When the pressurised diaphragm, diaphragm A, reaches the limit of its discharge stroke, the air valve redirects pressurised air to the back side of diaphragm B. The pressurised air forces diaphragm B away from the center block while pulling diaphragm A to the center block. Diaphragm B is now on its discharge stroke. Diaphragm B forces the inlet valve ball onto its seat due to the hydraulic forces developed in the liquid chamber and manifold of the pump. These same hydraulic forces lift the discharge valve ball off its seat, while the opposite discharge valve ball is forced onto its seat, forcing fluid to flow through the pump discharge. The movement of diaphragm A toward the center block of the pump creates a vacuum within liquid chamber A. Atmospheric pressure forces fluid into the inlet manifold of the pump. The inlet valve ball is forced off its seat allowing the fluid being pumped to fill the liquid chamber.

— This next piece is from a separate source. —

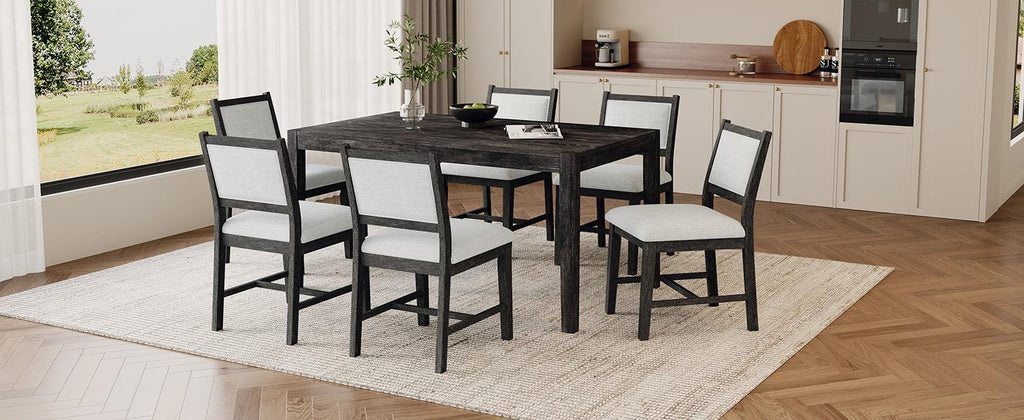 TREXM 7-Piece Retro Dining Table Set for 6, 1 Rectangular Wood Dining Table Set for 6 with Upholstered Chairs for Dining Room and Kitchen (Espresso)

At completion of the stroke, the air valve again redirects air to the back side of diaphragm A, which starts diaphragm B on its exhaust stroke. As the pump reaches its original starting point, each diaphragm has gone through one exhaust and one discharge stroke. This constitutes one complete pumping cycle. The pump may take several cycles to completely prime depending on the conditions of the application.
The pumps supplied by Eureel are warranted for a period of two years from the date of sale to original purchaser. If a pump is proved, to Eureels’ satisfaction, to be defective within the warranty period, Eureel shall be liable for the repair or, at Eureels’ option, replacement. The pump shall be returned to Eureel, freight prepaid. Eureels’ obligation shall be confined to such repair or replacement and shall be further conditioned upon Eureel receiving written notice of any alleged defect within 5 working days after its discovery. Eureel assumes no responsibility for improper use of pumps or where pumps are used in excess of rated capacities and design functions, or under abnormal conditions. Warranty is void if the product or any part thereof has been tampered with, altered, or repaired by other than qualified service personnel. Any products, components or accessories that are not manufactured by Eureel and are supplied by other manufacturers are subject to their respective guarantees or warranties. Certain products will carry their own warranties.
Custom made pumps specially built to customers’ specifications and requirements are not subject to cancellation nor returnable for credit under any condition. Eureel reserves the right to modify or alter materials, dimensions, design and construction, when necessary, to improve performance.